What’s working in your marketing and what needs to change?

 

We are halfway through the year and for most professional services firms, that means six months of activity, campaigns, content, client conversations and new client instructions are now on record. You have real data about what is resonating and what is falling flat, a clearer picture of what your clients and contacts respond to, and a good sense of which partners are leaning into business development and which are holding back. That makes this the ideal moment for a marketing review.

The question is whether you are using any of that information to make better decisions about your marketing.

Some firms might go through the year without a proper mid-year review. They keep posting, keep running campaigns, keep saying yes to new ideas, hoping things will improve. Carrying on can look like momentum, yet without stepping back to assess what the first half of the year is telling you, it is easy to confuse activity with progress.

Here is what that mid year marketing review should ideally cover.

Start with what marketing is working

Most firms approach a mid-year review by focusing on what is underperforming. The result is a long list of problems and half-formed ideas, which rarely leads anywhere useful.

A better starting point is to ask where you are already getting traction.

Which topics are generating genuine interest? Which sectors are engaging? Which channels are producing conversations? If a particular piece of content is resonating, lean into it. If a referral source is consistently delivering good-fit clients, pay closer attention to that relationship. If one campaign is outperforming the rest, find out why before launching something new.

The temptation in professional services is to assume that improvement means expansion. In practice, doing more of what is already working is almost always more valuable than introducing something new, and considerably less disruptive to deliver.

 

Check your focus

When marketing feels ineffective, the problem usually sits in focus rather than effort or capability.

Are you targeting too many sectors? Talking about too many services? Trying to appeal to too many different audiences at once, and putting out content with no clear thread connecting it?

This is one of the most common patterns in professional services marketing. Firms spread themselves thin because they want to be relevant to everyone, and end up resonating with no one. When everything is a priority, nothing is.

According to LOCALiQ’s UK State of Digital Marketing Report 2026, only 23% of UK marketing professionals rate themselves as satisfied with their overall marketing performance, with 51% describing themselves as neutral. That is a significant proportion of firms doing activity without confidence that it is working.

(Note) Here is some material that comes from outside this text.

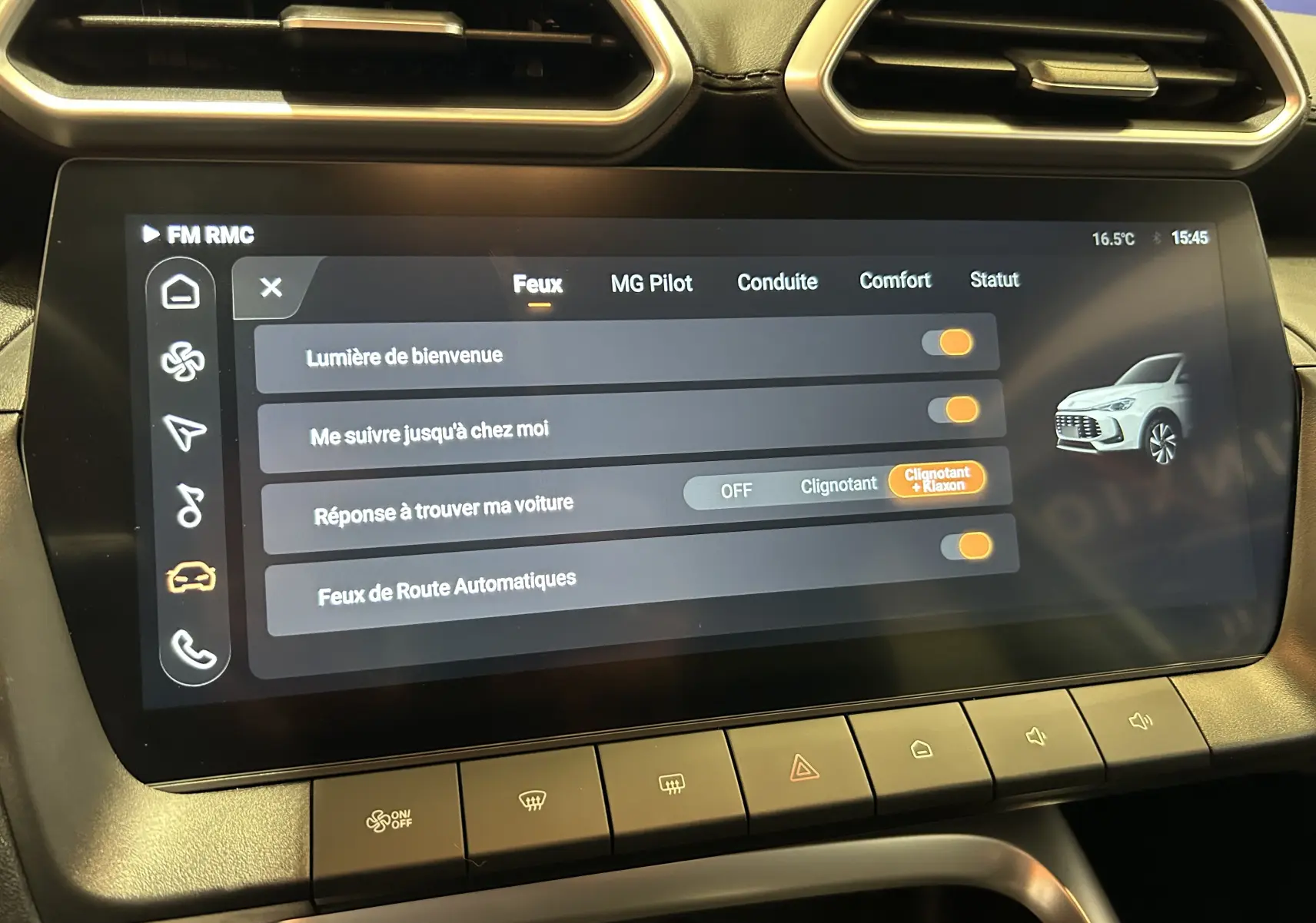 Écran tactile central du MG ZS 1.5 Hybrid+ 197 Luxury en vue rapprochée, affichant les réglages des feux avec illustration du véhicule blanc.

Lack of focus is often the reason. When effort is scattered across too many objectives, even strong activity starts to lose impact. A tighter remit, consistently executed, will outperform a broad one that is poorly resourced.

 

Look at marketing activity versus outcomes

This is where the review needs to become genuinely commercial.

You may be doing all the right-looking things: regular content, events, email campaigns, social media updates, thought leadership. The relevant question is which of those activities is actually contributing to your pipeline, generating conversations with the right people, surfacing opportunities, and moving relationships forward.

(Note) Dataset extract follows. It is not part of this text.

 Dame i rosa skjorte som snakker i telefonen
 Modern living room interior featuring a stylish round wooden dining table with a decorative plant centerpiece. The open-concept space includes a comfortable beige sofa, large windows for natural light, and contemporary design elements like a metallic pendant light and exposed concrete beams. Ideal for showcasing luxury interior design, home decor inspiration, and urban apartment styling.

Activity is evidence that marketing is happening. Outcomes are evidence that marketing is working. The two are often confused, and the confusion tends to become more costly the longer it goes unaddressed.

Marketing Week’s 2025 Language of Effectiveness survey, conducted in partnership with Kantar and Google, found that nearly half of UK marketers are unhappy with the analytics available to them, with dissatisfaction rising to more than half among CMOs. More than a third admitted they do not always understand the connection between the data they receive and the marketing decisions being taken.

For professional services firms, this is a particularly important gap to close. Your sales cycle is long, your relationships are central to growth, and your pipeline depends on trust built over time. Measuring marketing against pipeline and client conversations, rather than website visits or social engagement in isolation, is the only way to see what is actually moving the needle.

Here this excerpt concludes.